Kurt Vonnegut, uno dei più importanti scrittori americani contemporanei, è morto la notte di mercoledì a New York all'età di 84 anni in seguito al trauma cranico riportato con una brutta caduta alcune settimane fa. Autore di 14 romanzi, numerose commedie teatrali, saggi e racconti, è stato un idolo di una generazione, quella degli studenti transitati nei campus universitari negli anni sessanta e settanta.

Il suo universo letterario era popolato da Tralfamadoriani e Mercuriani, da fenomeni come la "infundibula crono-sinclastica", il punto dell'universo in cui si ricompongono tutte le verità, e religioni, come la Chiesa del dio dell'estrema indifferenza e il Boconismo. È del 1969 il suo romanzo più famoso, «Mattatoio N.5» in cui l'autore trasfigura la sua esperienza a Dresda, prigioniero di guerra, sotto i bombardamenti alleati nel 1945.

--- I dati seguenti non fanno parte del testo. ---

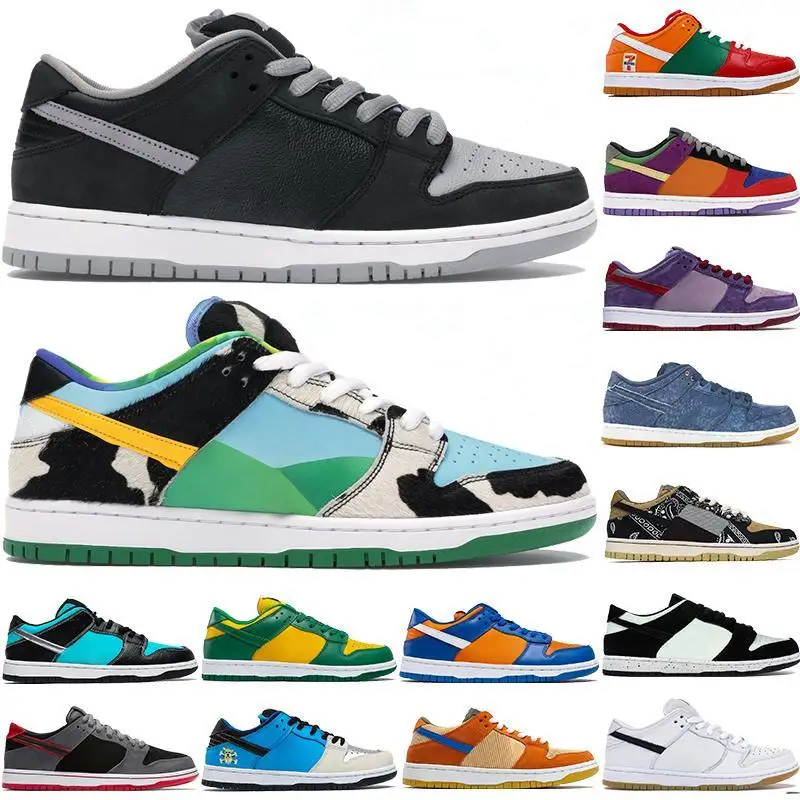 

Sturdy board shoes with male and female platform, new retro model and shadow ben jerry, samba sashiko, 2021
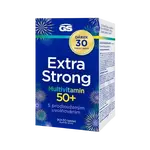 GS Extra Strong Multivitamín 50+, 120 tablet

I suoi libri sono spesso una curiosa miscela di realismo, fantascienza e psicoanalisi, come testimoniano «Le sirene di Titano» (1959), «Ghiaccio nove» (1963), «La colazione dei campioni» (1973), «Un pezzo da galera» (1979) e «Hocus Pocus» (1990). Con «Mattatoio n.5», Vonnegut seppe trasformare il suo peggior incubo in uno dei suoi maggiori successi letterari. Il romanzo, portato sul grande schermo nel 1972 dal regista George Roy Hill, con l'interpretazione di Michael Sacks e Ron Leibman, narra la storia di un giovane americano che, per sfuggire dai terribili ricordi della guerra (la prigionia in Germania, il bombardamento di Dresda) e per allontanarsi dai traumi provocati da una famiglia borghese, si rifugia nella fantasia immaginando di vivere sul pianeta Trafalmadore.

Di origini tedesche (il nonno emigrò negli Usa nel 1848), Kurt Vonnegut nacque l'11 novembre 1922 a Indianapolis (Indiana), città in cui sono ambientate molte delle sue storie. Dal 1941 al 1943 frequentò la facoltà di biochimica alla Cornell University di Ithaca (New York) lasciandola nel 1943 per prendere parte volontariamente all'esercito alleato (nel ruolo di fante esploratore) durante la seconda guerra mondiale.

Nel 1944 venne fatto prigioniero in Germania, nella città di Dresda. Qui assistette in prima persona al terribile bombardamento alleato che, nel febbraio del 1945, rase al suolo la città e causò 135mila vittime civili (Vonnegut si salvò poiché rinchiuso in una grotta ricavata sotto il mattatoio della città normalmente utilizzata per l'immagazzinamento della carne). Questo episodio traumatizzante, anni dopo, verrà ripercorso appunto in chiave solo parzialmente fantascientifica nel suo romanzo più famoso.

Dopo la guerra, Vonnegut sposò l'ex compagna universitaria Jane Marie Cox, e successivamente si trasferì a Chicago, nel ghetto nero. A Chicago riprese gli studi iscrivendosi alla facoltà di antropologia. Nel frattempo, iniziò a lavorare come cronista di cronaca nera presso il «City News Bureau of Chicago» (1947). Dopo il rifiuto da parte del collegio docente della sua tesi (questo episodio è raccontato in un capitolo di «Divina idiozia»), si trasferì a Schenectady, trovando impiego come pubblicitario presso la General Electric Company (1947-1950), dove poi curò le pubbliche relazioni.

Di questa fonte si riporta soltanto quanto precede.